**Stored dataset items**
---

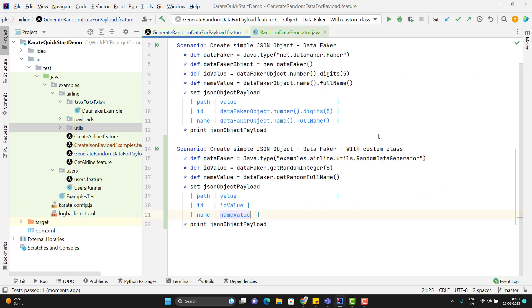So this is the way we can call any Java class in Karate feature file and this opens a lot of opportunity to integrate with any Java library you want and you can call their methods here.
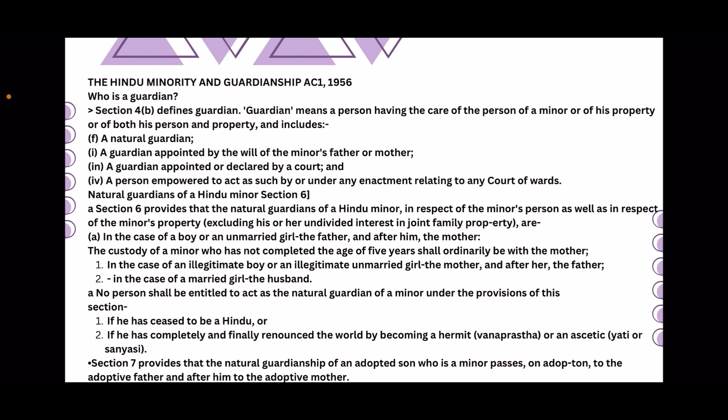Section 7 provides that the natural guardianship of an adopted son who is a minor passes on adoption to the adoptive father, and after him to the adoptive mother.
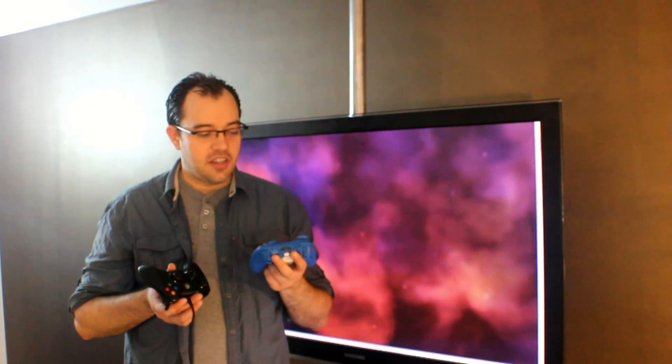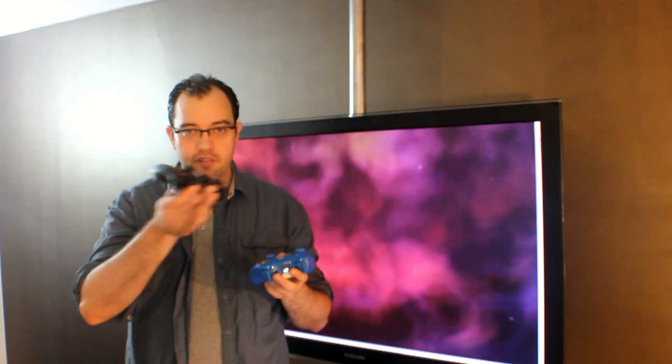The advantage of a wireless controller is pretty obvious—you don't have this cord to get in your way.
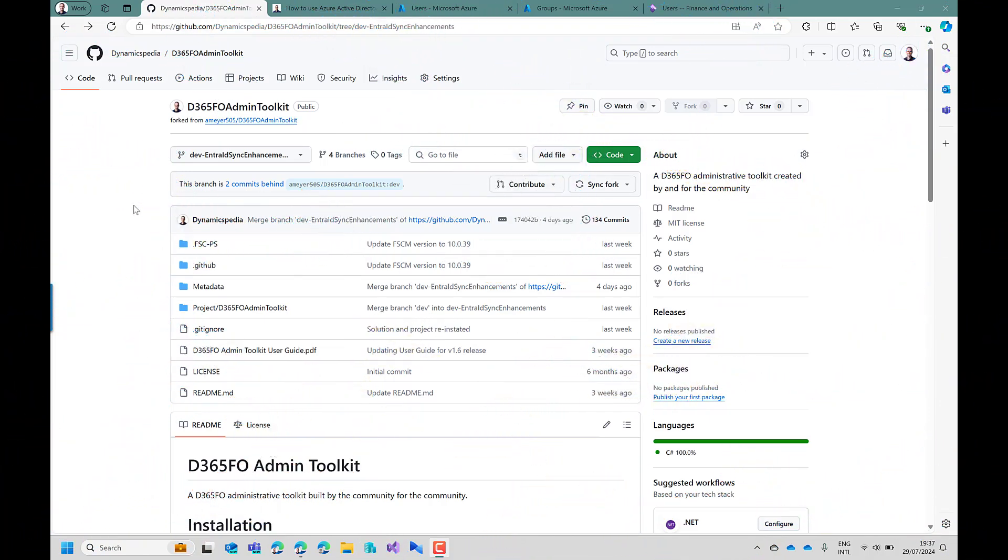Hi there. Thank you for watching this video. In this video I'm going to demonstrate a new feature I contributed to the D365FO Admin Toolkit.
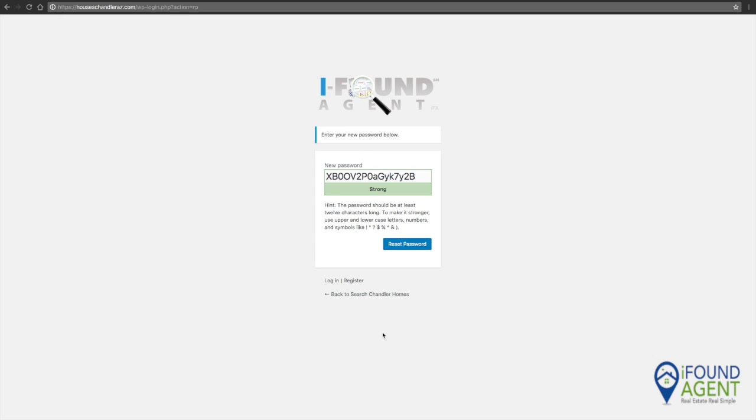Now I've clicked on the link in the email to recover my password and I get this screen. It's going to give me a password, or I can change the password to what I want it to be.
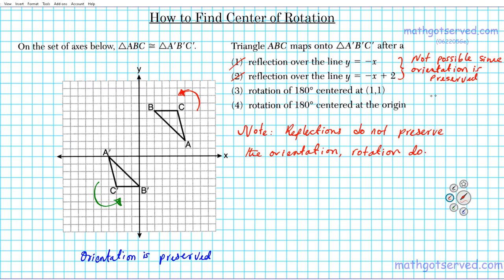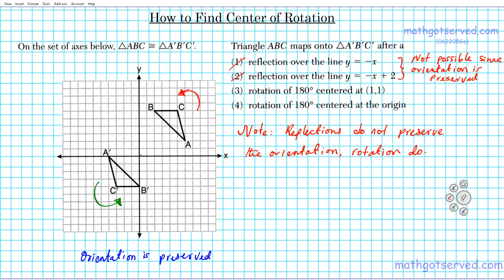Since orientation is preserved, this transformation cannot be a reflection, so it's either option three or option four — a rotation centered at (1,1) or centered at the origin. Looking at the symmetry, you can automatically see it can't be the origin, because if it were the origin the distances would be equal on both sides. You can see one side is longer and one is shorter, so just by observation the answer is option three, since it's not symmetrical with respect to the origin.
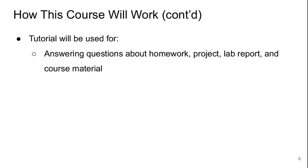In the tutorial I'll use that time during live Blackboard virtual classroom sessions to answer your questions about the homework, projects, lab reports and anything else about the course material.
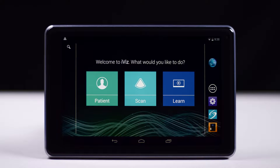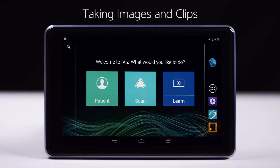Welcome to the help video on taking images and clips. In this video we will walk you through how to take an image and a clip and then export it to your USB drive using your iViz ultrasound system.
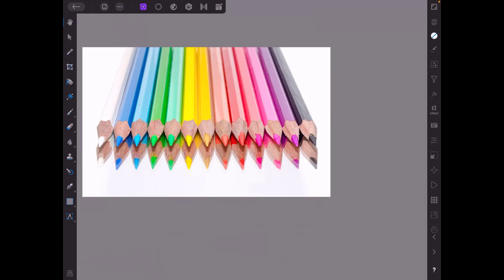Hello and welcome to this Affinity Photo iPad Beginner's Guide, Part 15, where I want to look at the Perspective Tool and also a little nod towards the Guide Tool as well.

---

**Problem details**
Although the records above contain pictures, the copy should hold only the lines from their start through the line containing "The advantage of", each exactly as written, and none of the pictures.

**Solution for this problem**
So this is the way we can call any Java class in Karate feature file and this opens a lot of opportunity to integrate with any Java library you want and you can call their methods here.
Section 7 provides that the natural guardianship of an adopted son who is a minor passes on adoption to the adoptive father, and after him to the adoptive mother.
The advantage of a wireless controller is pretty obvious—you don't have this cord to get in your way.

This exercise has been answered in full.